Huh. I've got a wristwatch which will probably run for a couple years if I don't use the light. I could probably sell it for a good price.
I've got my car key. It's got a LED; after ten years the battery must be close to dying but I think it could last for a good while more. I
could sell it, but I'd keep it. I've used it as an emergency light source at times; you can't read by it, but with decent night vision it's enough to figure out the general shape of your surroundings.
I've got some keys, papers and money. The metal stuff is cheap and fairly useless. Maybe sell the plastic cards as novelty.
I've got eyeglasses.
Must keep them and keep them intact, at least until I can afford a magical way to fix them (or, better,
remove disease - I wonder if
remove blindness works for myopia). In the right conditions, the lenses might be enough to start a fire.

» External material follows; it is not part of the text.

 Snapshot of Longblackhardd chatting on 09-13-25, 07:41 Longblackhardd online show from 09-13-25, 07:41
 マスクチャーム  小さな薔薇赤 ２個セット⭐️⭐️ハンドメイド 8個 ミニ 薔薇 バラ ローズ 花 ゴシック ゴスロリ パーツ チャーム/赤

I've got a cellphone, but the battery won't last more than a week or so, even if I make it work offline. I could probably sell it for more than the wristwatch, especially if I use the MP3 player function and camera, but then I'd have to run away very, very quickly. Those things are a power drain.

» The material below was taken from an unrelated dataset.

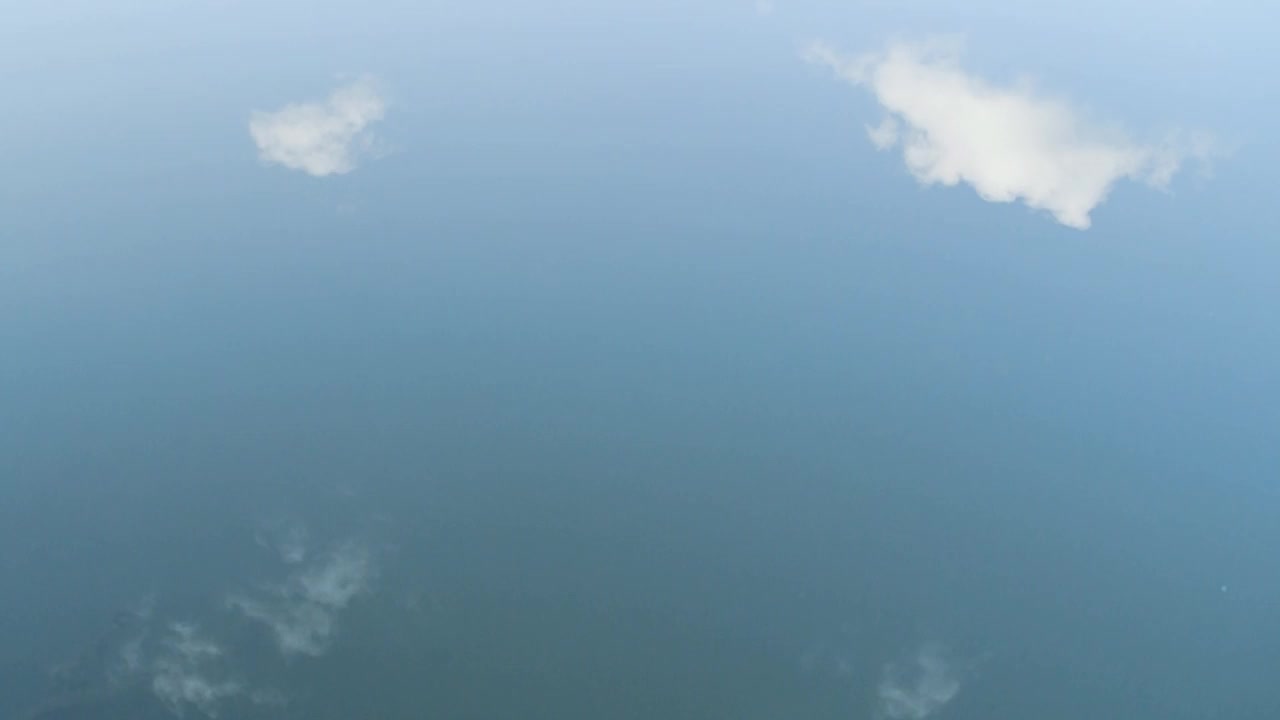 云在水中的反射。
湖中的水和云的倒影。背景视频下载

Alternatively, I'd keep the phone for later. As a computer programmer, I've got no skills at all that would be of even marginal use in a preindustrial context, save for reading and writing.
But I'd probably know much more math than anyone else in the world, and I find the idea of manipulating reality through arcane languages and mysterious devices which can cause terrible things if used by the uninitiated to be quite natural. Hopefully, that counts for something in the magic department.
At that point, chances are that I could develop a spell to recharge a cellphone, or at least make a
continual battery.
My cellphone has the complete 3.5e SRD.
Armed with a full, detailed and numerically accurate description of how everything in the multiverse works, I'd then proceed to conquer the world.